WORK ORDER
Could you repeat all of the entries word for word, minus any pictures?

INPUT MATERIAL: Begin

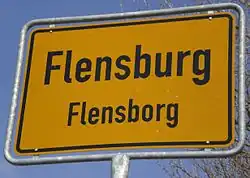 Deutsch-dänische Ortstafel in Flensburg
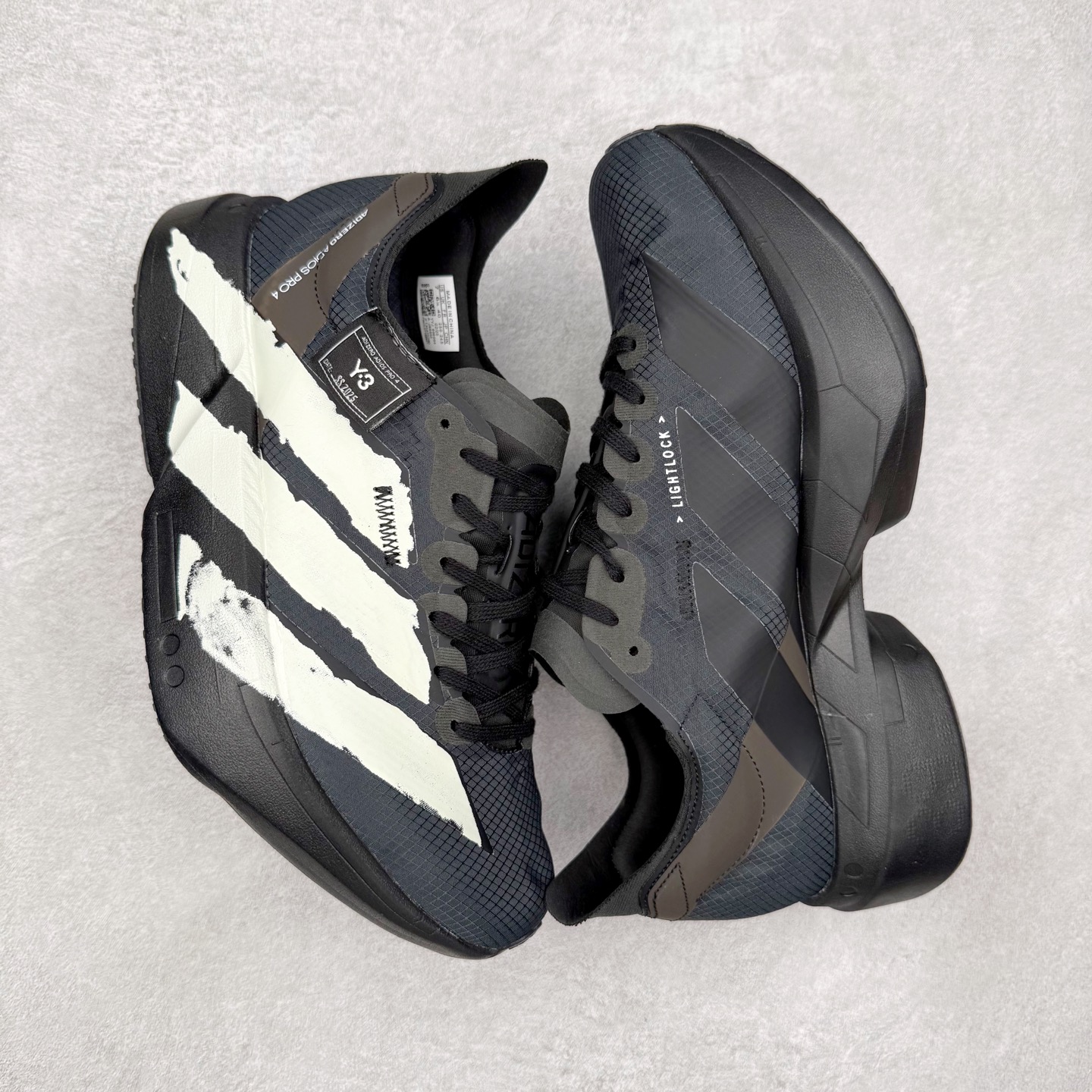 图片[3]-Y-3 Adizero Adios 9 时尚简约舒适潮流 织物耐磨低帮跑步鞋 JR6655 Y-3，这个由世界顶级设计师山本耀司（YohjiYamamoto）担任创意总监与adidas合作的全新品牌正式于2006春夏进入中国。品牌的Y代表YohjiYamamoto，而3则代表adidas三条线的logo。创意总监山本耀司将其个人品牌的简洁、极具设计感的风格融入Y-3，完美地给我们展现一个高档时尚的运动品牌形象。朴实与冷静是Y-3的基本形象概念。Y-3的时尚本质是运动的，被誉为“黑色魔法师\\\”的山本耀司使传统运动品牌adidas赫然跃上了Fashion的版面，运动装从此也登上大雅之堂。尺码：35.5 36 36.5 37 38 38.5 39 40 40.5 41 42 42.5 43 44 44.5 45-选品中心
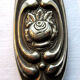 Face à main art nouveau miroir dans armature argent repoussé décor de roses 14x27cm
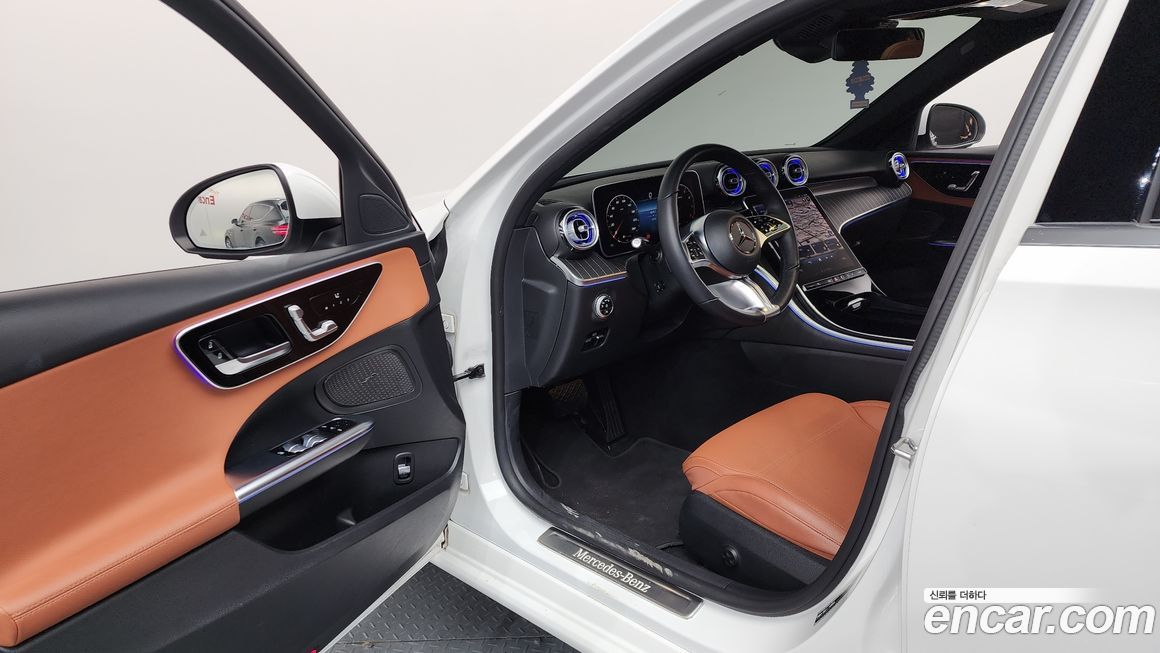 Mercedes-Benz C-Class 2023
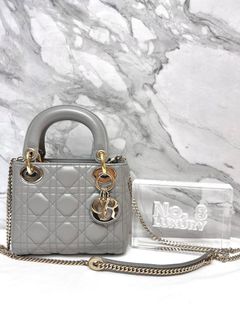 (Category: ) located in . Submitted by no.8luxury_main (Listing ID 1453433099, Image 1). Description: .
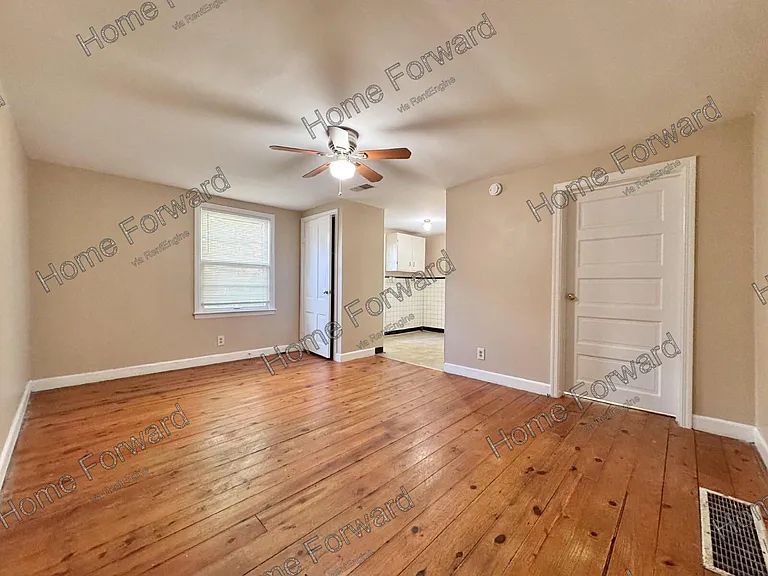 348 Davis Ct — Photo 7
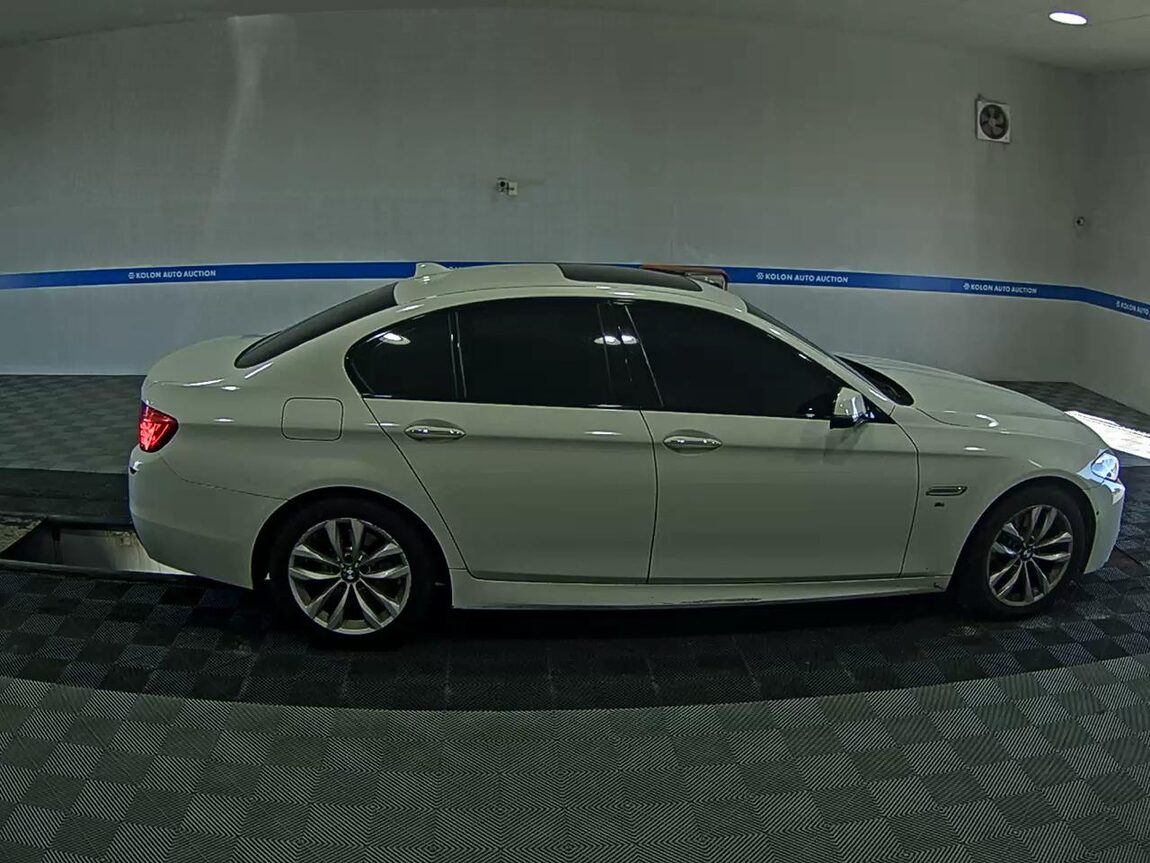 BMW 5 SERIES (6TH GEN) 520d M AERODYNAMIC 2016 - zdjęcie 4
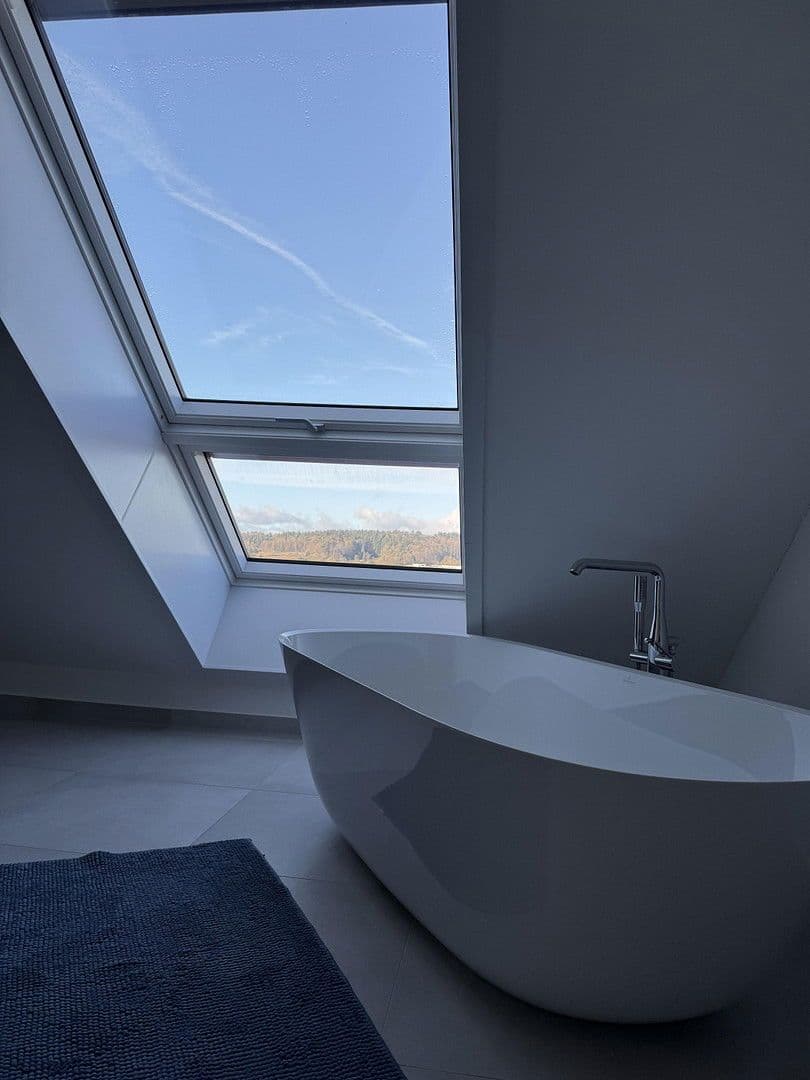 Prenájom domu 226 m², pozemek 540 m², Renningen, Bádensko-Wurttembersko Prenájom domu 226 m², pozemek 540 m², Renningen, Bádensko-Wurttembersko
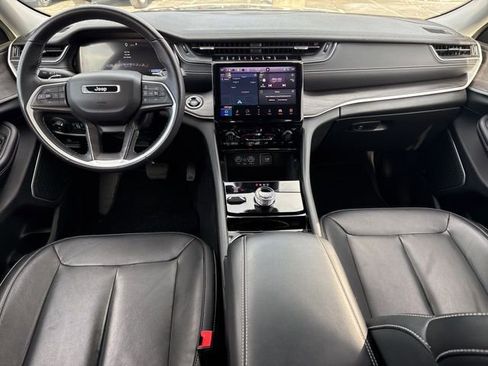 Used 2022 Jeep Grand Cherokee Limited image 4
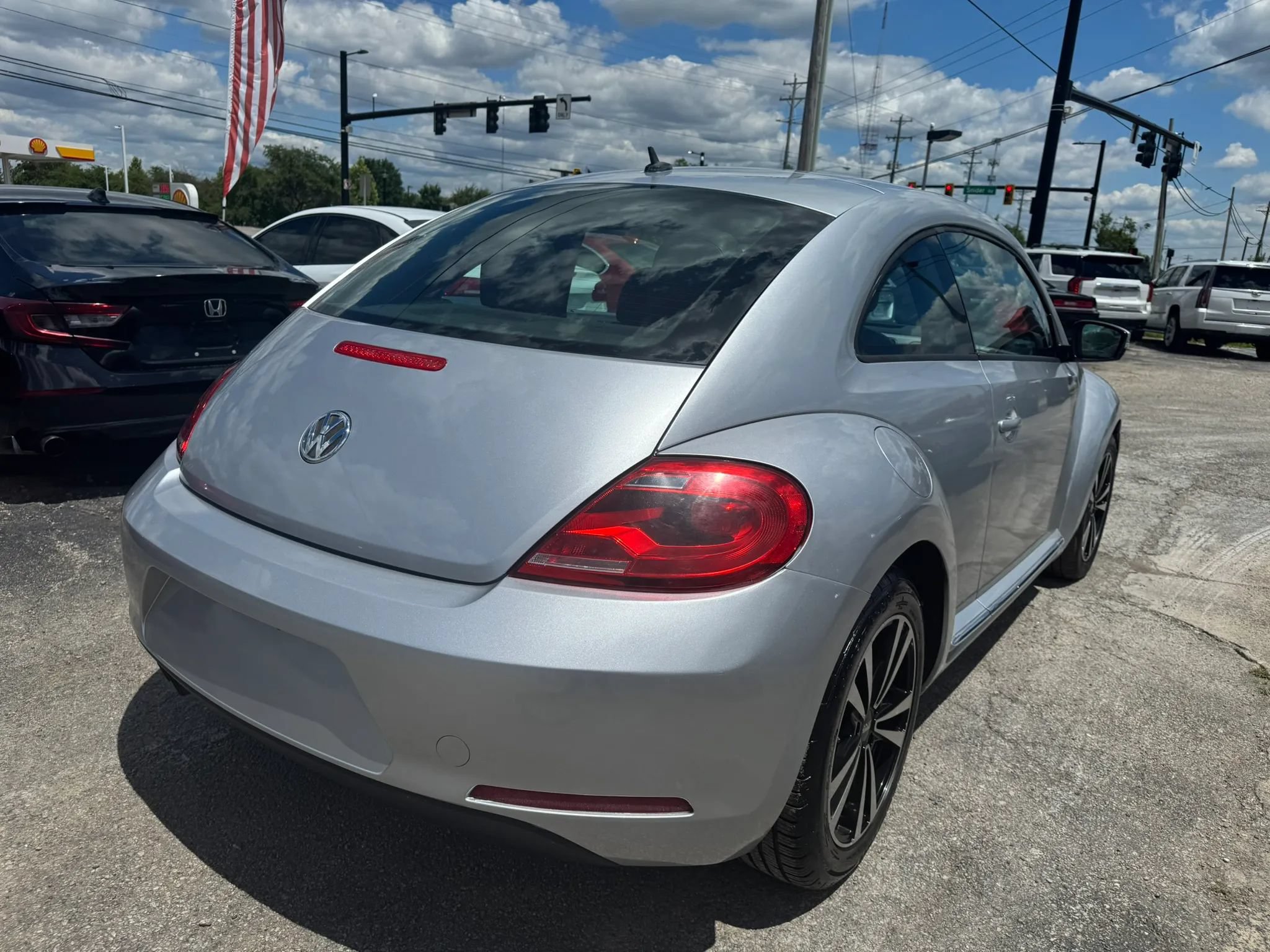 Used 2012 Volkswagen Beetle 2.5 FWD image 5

INPUT MATERIAL: End

EXPECTED OUTPUT
 Deutsch-dänische Ortstafel in Flensburg
 图片[3]-Y-3 Adizero Adios 9 时尚简约舒适潮流 织物耐磨低帮跑步鞋 JR6655 Y-3，这个由世界顶级设计师山本耀司（YohjiYamamoto）担任创意总监与adidas合作的全新品牌正式于2006春夏进入中国。品牌的Y代表YohjiYamamoto，而3则代表adidas三条线的logo。创意总监山本耀司将其个人品牌的简洁、极具设计感的风格融入Y-3，完美地给我们展现一个高档时尚的运动品牌形象。朴实与冷静是Y-3的基本形象概念。Y-3的时尚本质是运动的，被誉为“黑色魔法师\\\”的山本耀司使传统运动品牌adidas赫然跃上了Fashion的版面，运动装从此也登上大雅之堂。尺码：35.5 36 36.5 37 38 38.5 39 40 40.5 41 42 42.5 43 44 44.5 45-选品中心
 Face à main art nouveau miroir dans armature argent repoussé décor de roses 14x27cm
 Mercedes-Benz C-Class 2023
 (Category: ) located in . Submitted by no.8luxury_main (Listing ID 1453433099, Image 1). Description: .
 348 Davis Ct — Photo 7
 BMW 5 SERIES (6TH GEN) 520d M AERODYNAMIC 2016 - zdjęcie 4
 Prenájom domu 226 m², pozemek 540 m², Renningen, Bádensko-Wurttembersko Prenájom domu 226 m², pozemek 540 m², Renningen, Bádensko-Wurttembersko
 Used 2022 Jeep Grand Cherokee Limited image 4
 Used 2012 Volkswagen Beetle 2.5 FWD image 5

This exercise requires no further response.